(Recorded data)
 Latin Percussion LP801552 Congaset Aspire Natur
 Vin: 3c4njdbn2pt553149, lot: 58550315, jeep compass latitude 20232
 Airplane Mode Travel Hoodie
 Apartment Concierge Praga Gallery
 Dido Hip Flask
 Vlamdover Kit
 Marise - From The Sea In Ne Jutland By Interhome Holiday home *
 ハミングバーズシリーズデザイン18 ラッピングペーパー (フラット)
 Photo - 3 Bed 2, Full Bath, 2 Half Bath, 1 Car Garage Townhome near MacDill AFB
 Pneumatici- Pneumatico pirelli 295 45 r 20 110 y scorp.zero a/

---

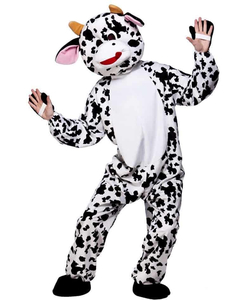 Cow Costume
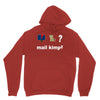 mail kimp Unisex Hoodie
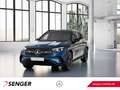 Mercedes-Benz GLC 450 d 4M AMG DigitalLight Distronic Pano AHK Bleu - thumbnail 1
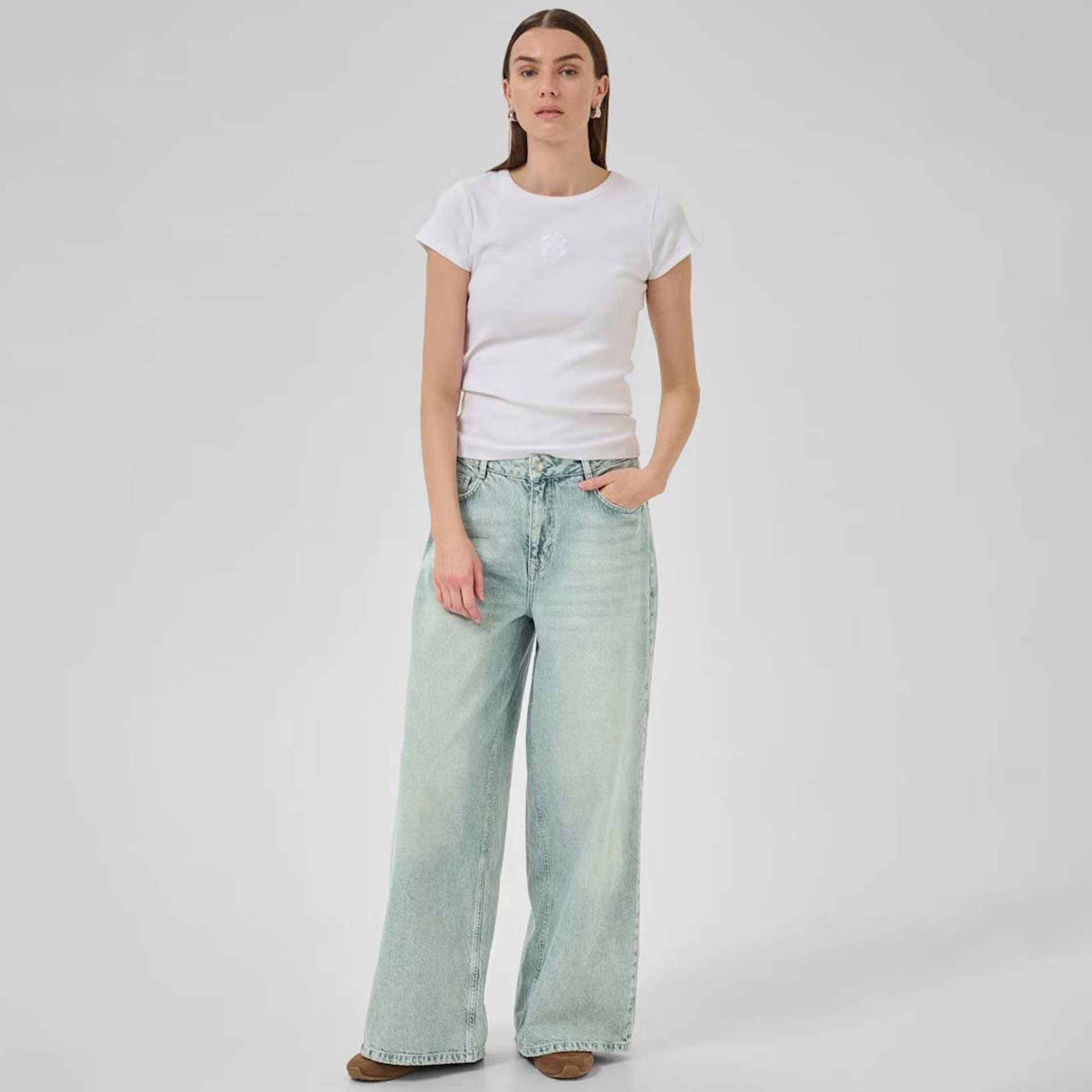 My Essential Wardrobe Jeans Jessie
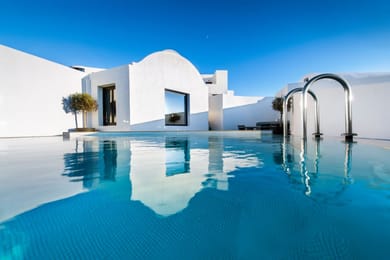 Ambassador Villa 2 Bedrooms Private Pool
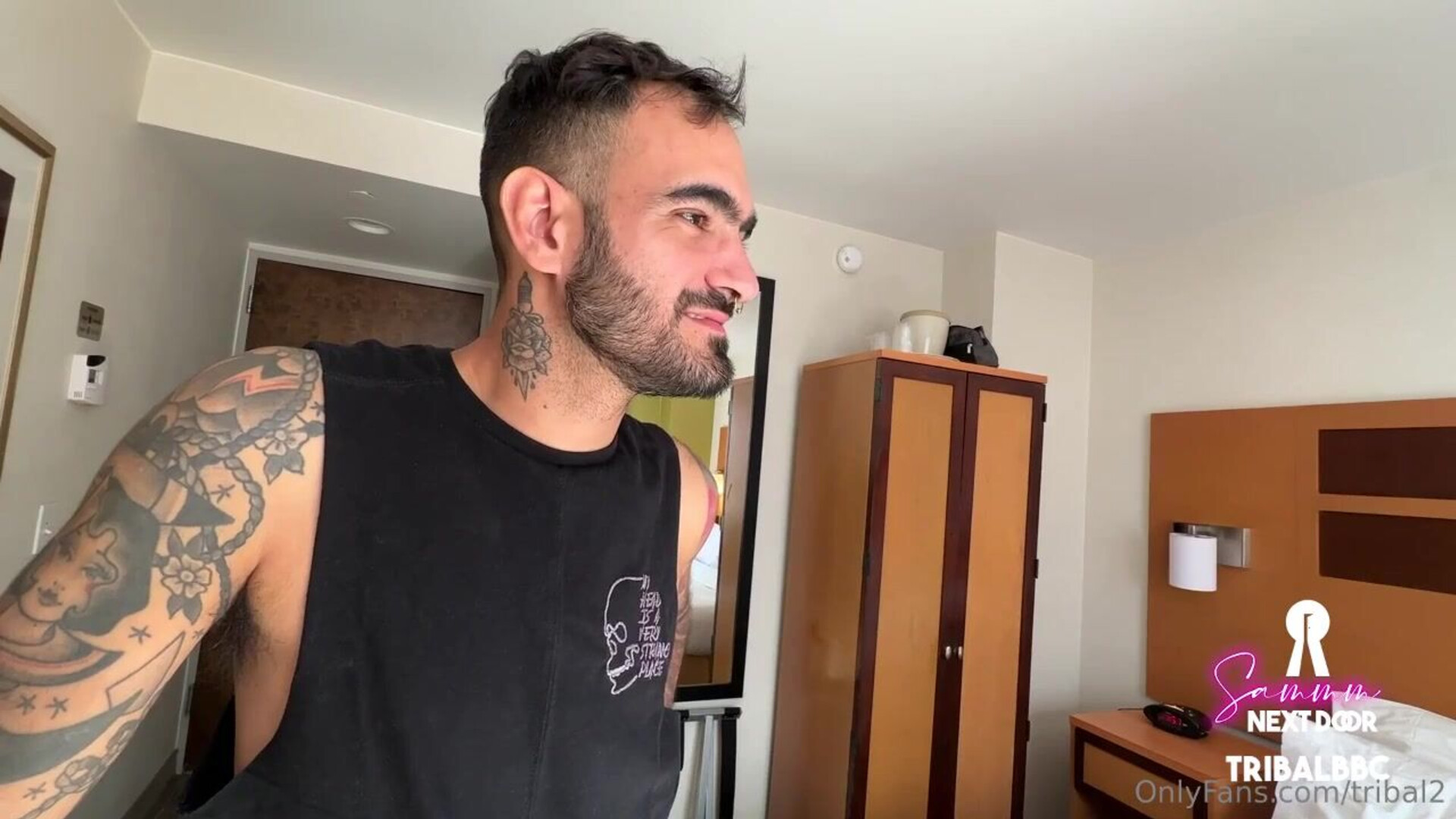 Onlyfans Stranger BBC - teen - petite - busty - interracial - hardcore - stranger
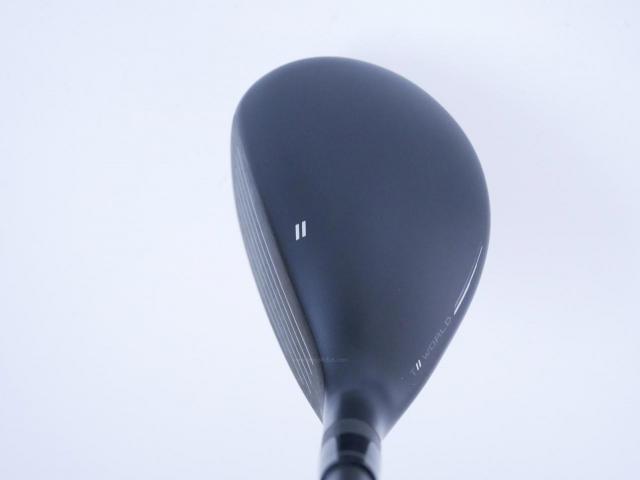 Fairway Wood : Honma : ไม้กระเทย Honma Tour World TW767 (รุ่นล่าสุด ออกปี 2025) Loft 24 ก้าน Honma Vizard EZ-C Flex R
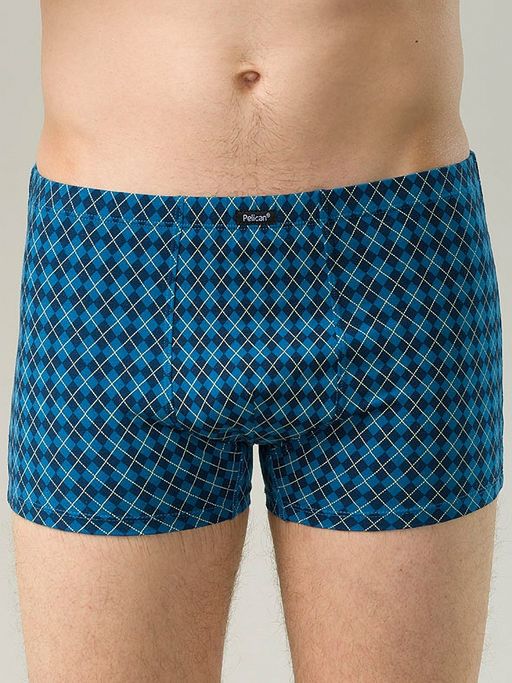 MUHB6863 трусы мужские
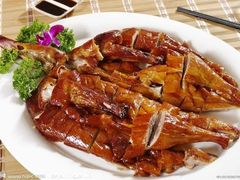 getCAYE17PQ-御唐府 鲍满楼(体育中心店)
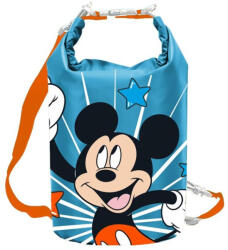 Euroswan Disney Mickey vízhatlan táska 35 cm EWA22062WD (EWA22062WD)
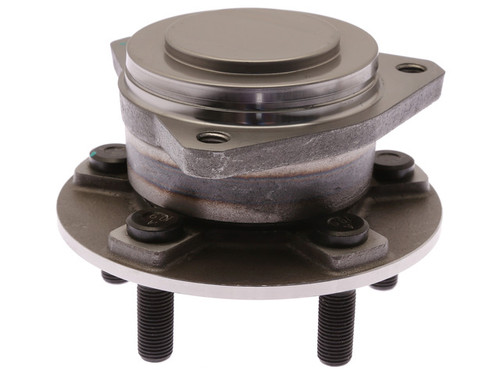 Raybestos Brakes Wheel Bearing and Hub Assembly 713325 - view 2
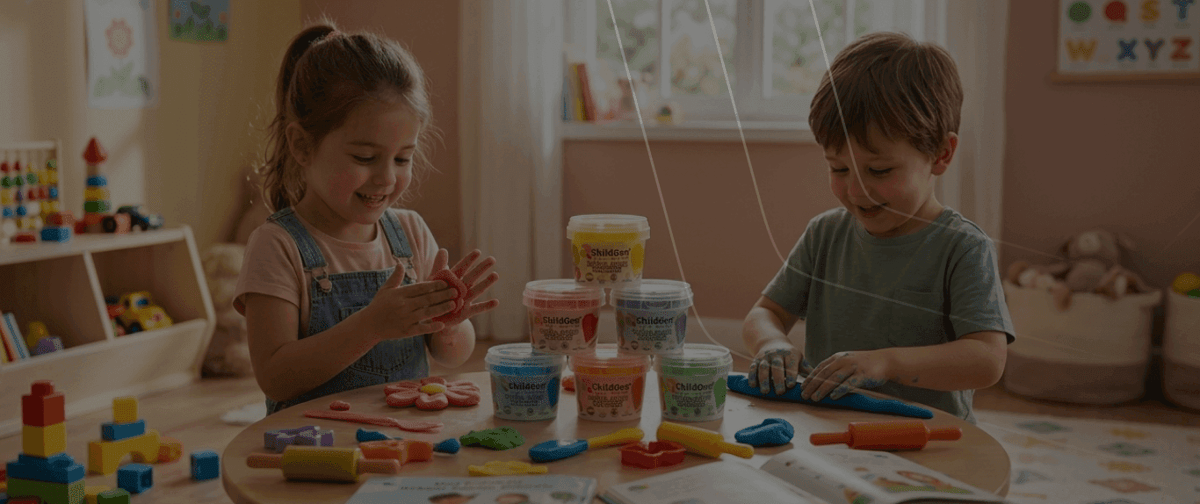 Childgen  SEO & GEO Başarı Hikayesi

## Goal of the exercise
Would you please repeat exactly the lines above, starting at the line with "ハミングバーズシリーズデザイン18 ラッピングペーパー (フラット)" and stopping at the line with "Pneumatici- Pneumatico pirelli", both included?

## Final answer
 ハミングバーズシリーズデザイン18 ラッピングペーパー (フラット)
 Photo - 3 Bed 2, Full Bath, 2 Half Bath, 1 Car Garage Townhome near MacDill AFB
 Pneumatici- Pneumatico pirelli 295 45 r 20 110 y scorp.zero a/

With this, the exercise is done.